I was recently surprised to receive a six inch high bundle of letters and cards that took me on a reflective journey. The bundle was sent to me by my uncle and the cards and letters were the messages that I had sent to him over the years. He is in his late 70's and, as he said, he is going through stuff. I was amazed to learn that he had saved all those letters and touched that he thought to send them back to me, all bundled up and ready for discoveries.
The earliest one appeared to have been sent in 1962, making me 9 years old. Funny to read it and see my "best guess" spelling! What! You mean I didn't always know how to spell? There are one or two from high school but the majority of the letters were sent while I was in my twenties. Through my thirties and forties I sent him one or two a year - mostly chatty updates about how the kids are doing.
The most interesting collection came from that twenties decade. While reading through them, I was struck by how much has changed and how much remains the same. That was a tumultuous decade for me, beginning with a confusing marriage that turned into a messy life and ended with a wrenching divorce. But talk about discovery! That's when I found out who I COULD be.
The decade played out with travel, education, a developing career path, a grand assortment of new friends and new connections and ended as it had begun: marriage at 29! And, even though my path was convoluted, the cards and letters demonstrate that I was forever and always wanting to examine it. Ah, some things never change! And, even in my 20's, I was lonely and reflective while still pushing ahead with new challenges, willing to put myself out there and see what happened.

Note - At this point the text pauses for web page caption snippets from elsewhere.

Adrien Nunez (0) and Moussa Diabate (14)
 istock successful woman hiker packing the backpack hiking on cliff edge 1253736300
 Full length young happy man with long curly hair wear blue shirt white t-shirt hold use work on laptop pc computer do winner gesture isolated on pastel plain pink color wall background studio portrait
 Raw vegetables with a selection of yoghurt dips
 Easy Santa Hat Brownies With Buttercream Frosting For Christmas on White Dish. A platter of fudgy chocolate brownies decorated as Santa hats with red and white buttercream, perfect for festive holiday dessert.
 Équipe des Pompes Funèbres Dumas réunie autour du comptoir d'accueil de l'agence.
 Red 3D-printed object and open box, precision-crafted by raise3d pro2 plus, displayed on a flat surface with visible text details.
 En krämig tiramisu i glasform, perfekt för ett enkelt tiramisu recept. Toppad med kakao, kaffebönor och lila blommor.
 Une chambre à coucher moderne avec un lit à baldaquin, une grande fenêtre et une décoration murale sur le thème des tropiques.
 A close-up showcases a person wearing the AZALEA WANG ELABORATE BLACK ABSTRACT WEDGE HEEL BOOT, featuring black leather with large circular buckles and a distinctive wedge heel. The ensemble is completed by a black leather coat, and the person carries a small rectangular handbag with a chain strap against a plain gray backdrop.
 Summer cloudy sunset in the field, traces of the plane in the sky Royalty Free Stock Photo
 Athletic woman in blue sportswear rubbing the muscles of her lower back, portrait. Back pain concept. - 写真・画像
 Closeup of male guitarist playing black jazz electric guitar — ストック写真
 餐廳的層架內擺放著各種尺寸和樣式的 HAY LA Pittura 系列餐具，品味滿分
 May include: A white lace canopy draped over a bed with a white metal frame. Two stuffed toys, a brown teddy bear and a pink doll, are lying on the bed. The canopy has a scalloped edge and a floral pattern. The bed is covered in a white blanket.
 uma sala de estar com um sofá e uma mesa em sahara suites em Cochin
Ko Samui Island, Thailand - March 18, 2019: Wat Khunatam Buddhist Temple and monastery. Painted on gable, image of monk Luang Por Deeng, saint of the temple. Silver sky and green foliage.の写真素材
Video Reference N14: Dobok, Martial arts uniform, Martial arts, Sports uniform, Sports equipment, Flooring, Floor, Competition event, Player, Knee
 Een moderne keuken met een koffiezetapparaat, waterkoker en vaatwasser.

In reading the correspondence, I meet a trusting, bright eyed, change the world sort of girl (and she was a girl). There's the everything changes part. The girl is now a grown up, an adult - no matter how much she wants to still be a girl. She's not so trusting although the bright eyes can still be seen when she is engaged in biking, painting, or uncontrollable laughter with friends. She does still welcome new challenges, hopes for surprises, and knows she can only change the world one tiny moment at a time. Life is more realistic and responsible now, kinda deflating, but she is much MUCH stronger. She can hold up anything that needs to supported and knows enough not to worry too much about her future. It will be what it will be and she will survive (or not).